La soberbia le cegaba un ojo y la devoción nublaba la vista de cuantos le seguían.
Había nacido para militar pero se le había truncado la carrera y, lejos de ascender en el ejército, le pareció más fácil infiltrarse en algún grupo ya compuesto y, de ahí, directamente en las vidas ajenas mostrando un interés benigno por las personas. Vio fácil dar así rienda suelta a sus chismorreos y ansias de poder, una combinación a todas luces explosiva.
Su primera táctica para menospreciar a los demás era el encuentro cara a cara con el pardillo. Cada vez que uno de estos pasaba junto a él y le daba los buenos días, aprovechaba para quitar la fama y levantar falso testimonio a cualquier inocente fuera de escena que hubiese confiado en él con anterioridad contándose sus cosas. Su segunda mejor arma era el teléfono. Almacenaba números y números de contactos y buscaba hasta encontrar receptores dispuestos a escuchar sus mentiras a esa hora precisa. Su tercera baza era aconsejar que corriera la voz de las infamias que él juraba por Dios bendito quedarse corto y certificaba, con palabrita del Niño Jesús, que eran ciertas. Se le hacía la boca agua cada vez que un subordinado le respondía: ¡ S´ordenes! y cumplía sus deseos.

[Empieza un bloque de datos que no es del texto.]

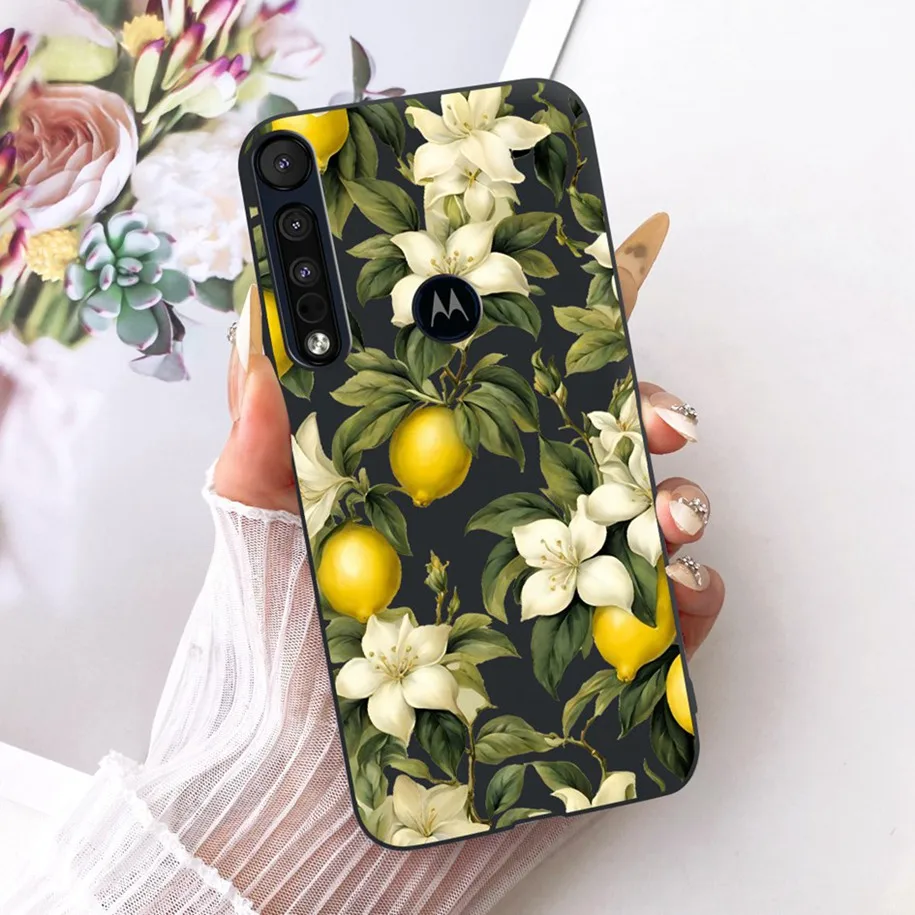For Motorola One Vision Case XT1970-1 Fashion Flower Soft Slim Silicone Phone Cover For Motorola One Macro 5G MotoOne TPU Fundas view 3
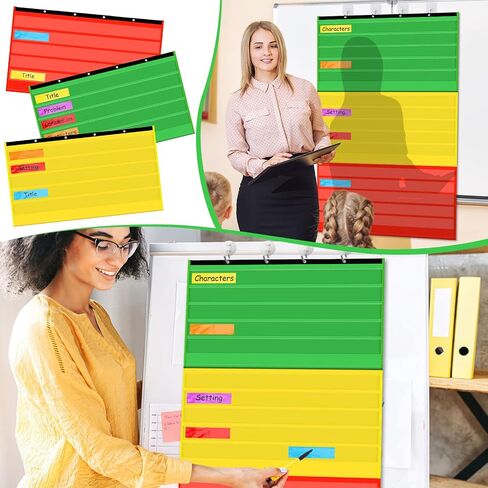 Kosiz 2 Packs Adjustable Pocket Chart for Classroom Behavior Chart Job Chart with 60 Pcs Labels Multi Purpose Educational and Organizational Tool Pocket Chart for School Teacher Home Supply in Saudi Arabia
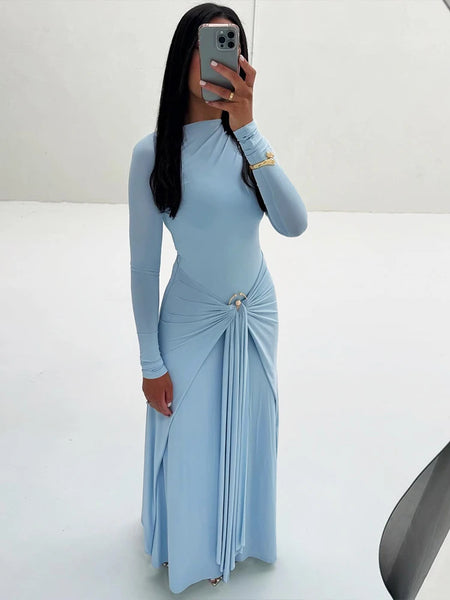 Ruched Elegant Maxi Dress Women Daily Casual Skinny Full Sleeve Solid Gown Midnight Prom Party Long Bodycon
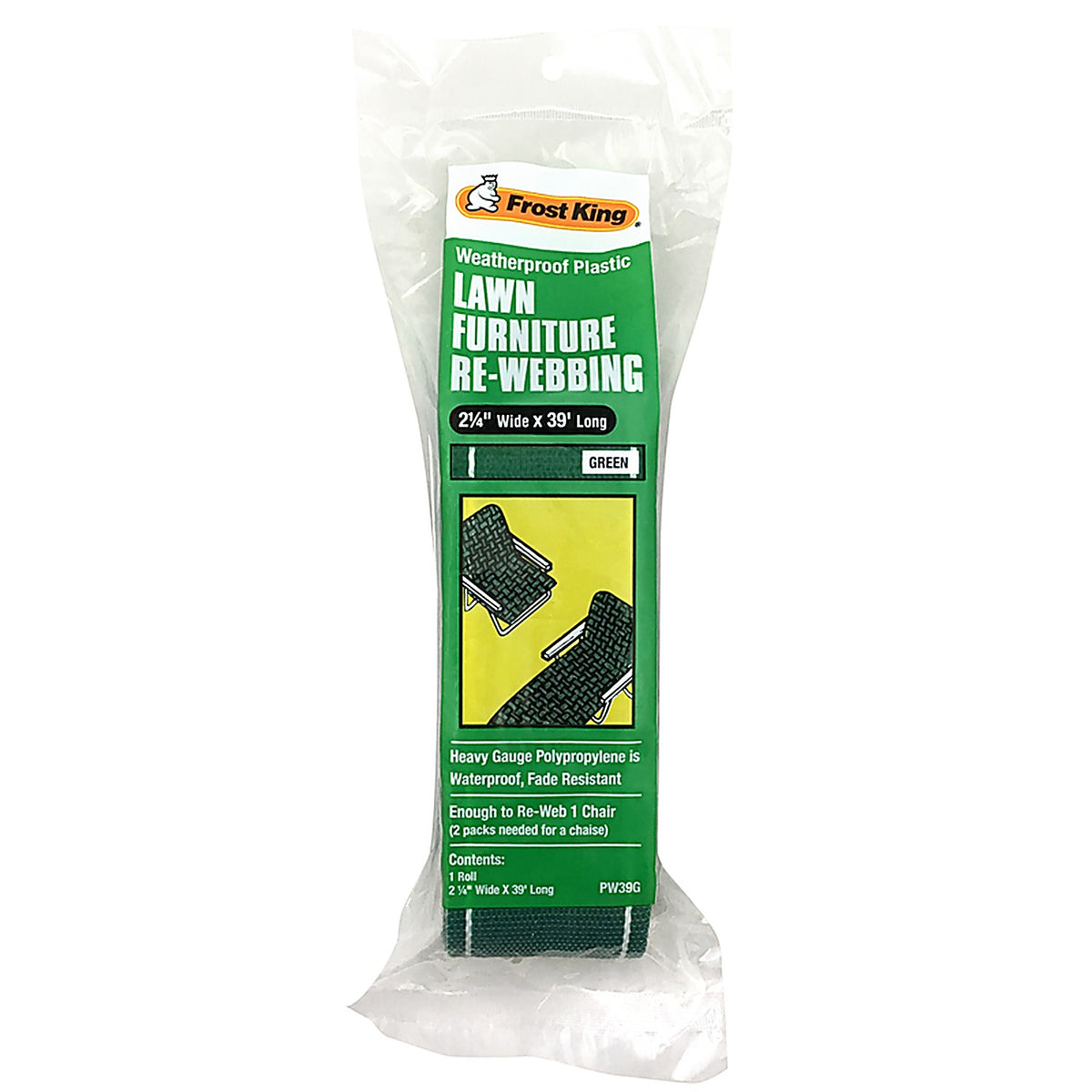 Frost King - PW39G - Polypropylene Chair Webbing Green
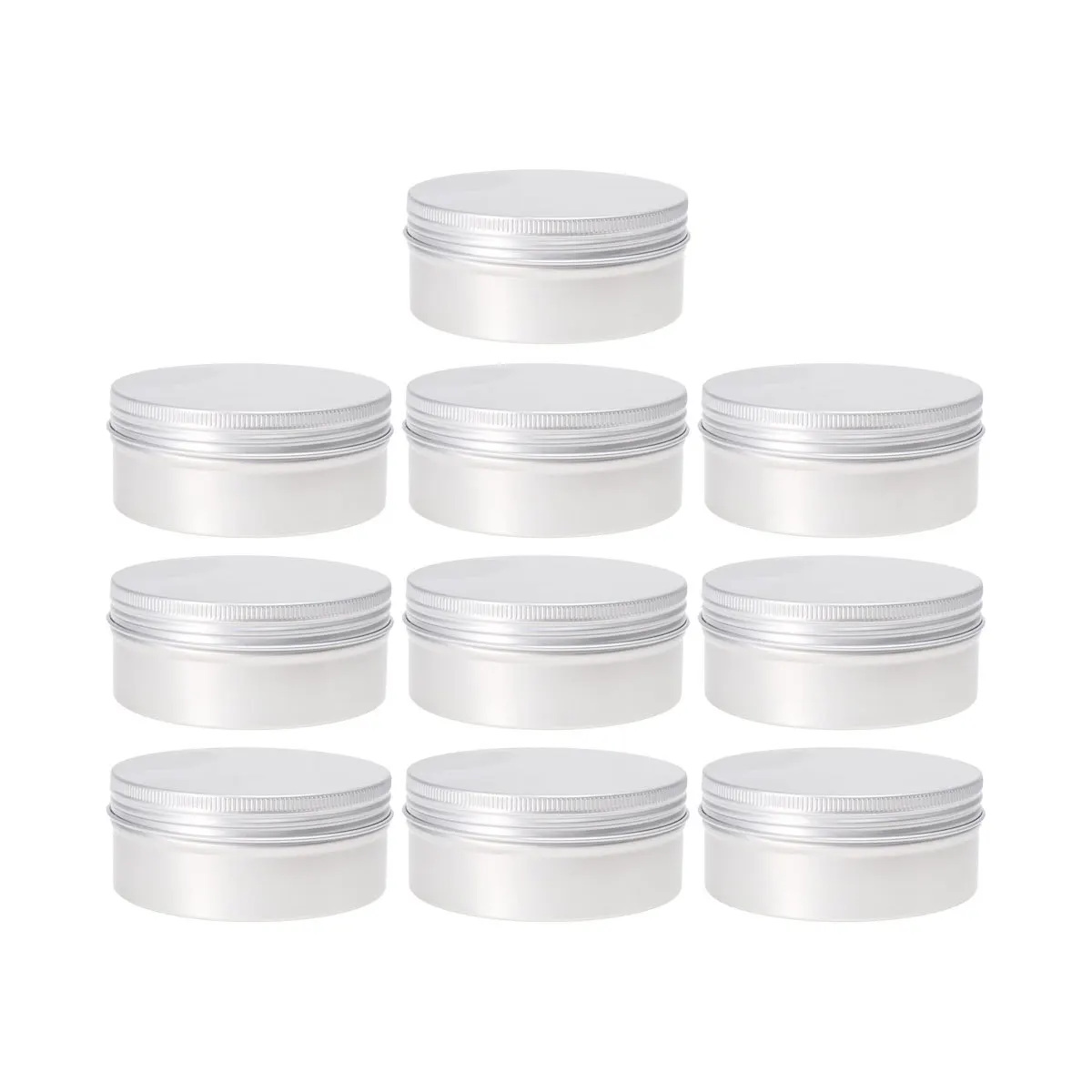 10pcs Aluminum Screw-Top Tin Containers Reusable Empty Cans For Oil Wax Balm Lotion Jars Storage Pots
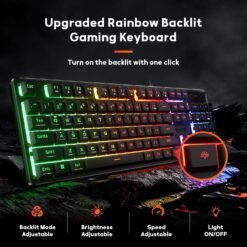 Alternative view of Redragon K521 NETHERBANE Wired Membrane Gaming Keyboard Rainbow Backlit 104 Keys with Multimedia Keys Anti-Ghosting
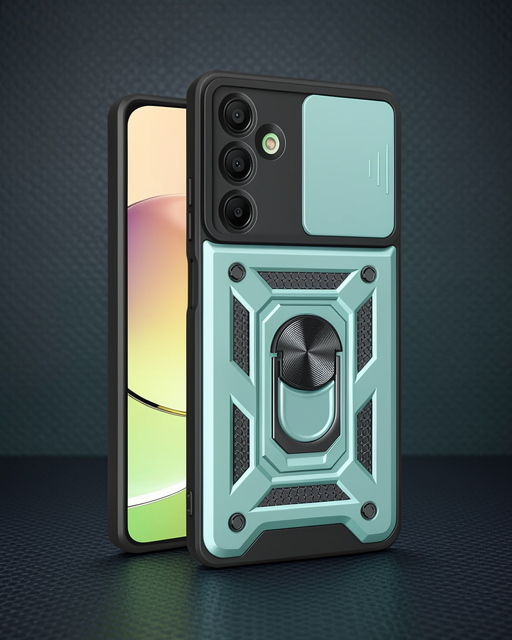 Samsung Galaxy A26 Kılıf Pars Lens Yüzüklü Silikon - Yeşil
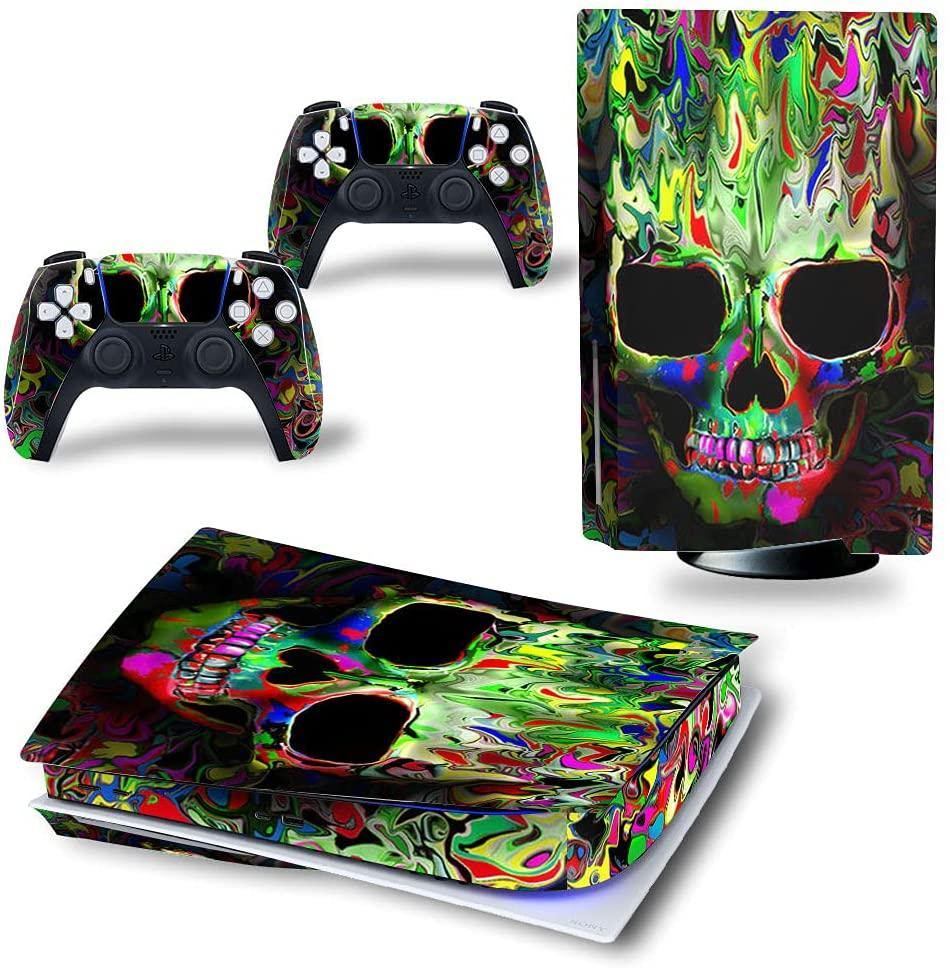 Mmoptop PS5 Skin for Playstation 5 Disc Version Console and Controller Vinyl Cover Skins Wrap - Black Pan-Ther - JOY2ESpree
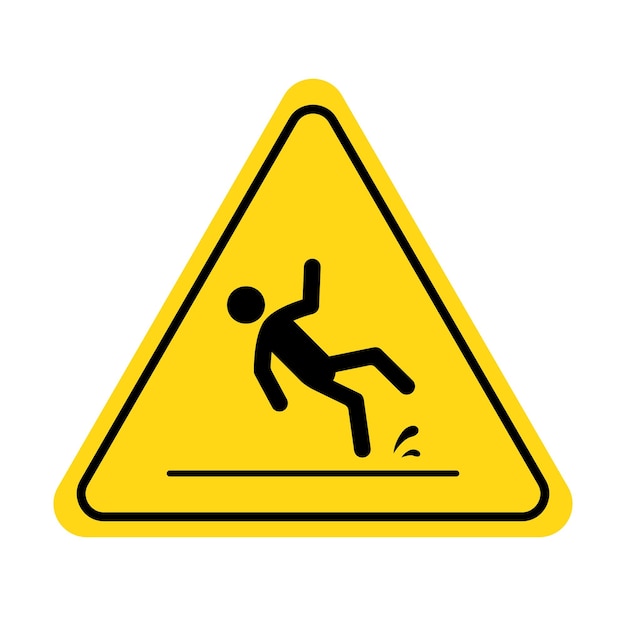 Wet floor icon Slippery floor caution sign with fall pictogram man Warning danger yellow triangle sign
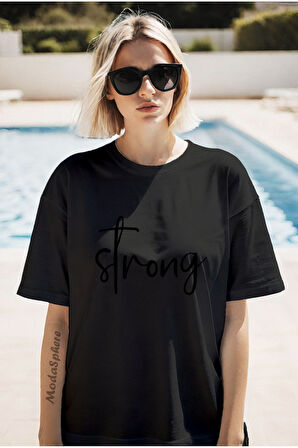 STRONG BASKILI BİSİKLET YAKA KISA KOLLU UNISEX TİŞÖRT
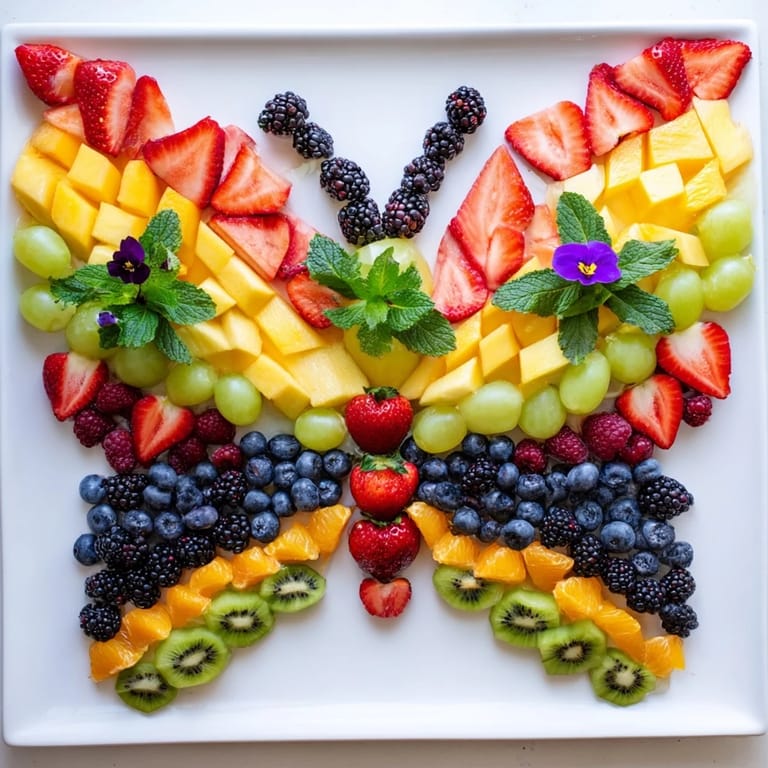 This stunning Butterfly Bloom Fruit Board showcases bright berries, grapes, and tropical fruit, perfect for snacking.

Lo que no estaba a su alcance lo remitía a sus más fieles secuaces cuya velocidad de comunicación era similar a la de las liebres cuando salen de sus madrigueras para saltar a sus anchas yendo de un lado a otro por el campo.
Todo aquel que no estaba de acuerdo con sus deseos era tachado de estar poseído por un demonio. O por dos.
Con tal de mandar quería hasta trajinar a Dios. Cada vez que uno no entraba por el aro de sus deseos, ya que no podía ordenar que le cortaran la cabeza ni le pegasen un tiro, ¡lástima!, le castigaba por sus desobediencias con algo que él llamaba, a saber, “disciplina constructiva”.
Siendo tan duro en los planes que llevaba a cabo, fue curioso que no faltó en su boca la sonrisa facilona, nunca alteró el tono musical de su voz, ni el baile lento de sus manos, ni la estudiada bajada de párpados tan ensayada en los momentos oportunos para esquivar miradas claras.
La soberbia le cegaba un ojo y la devoción nublaba la vista de cuantos le seguían.
Por aquel tiempo yo temía que ese mandón muriera de pronto por causa de algún subidón de estima repentina, porque me imaginaba a todos aquellos súbditos que le seguían el juego, entregarse como voluntarios para acompañarle a la tumba, como los esclavos de faraón hacían, y que jamás se recuperasen de aquella manipulación que era tan demencial como absurda. Pero no, me equivoqué en mis sospechas a Dios gracias. Algunos fueron espabilando y, poco a poco, igual que yo hice en su momento, comenzaron a retirarse de su presencia.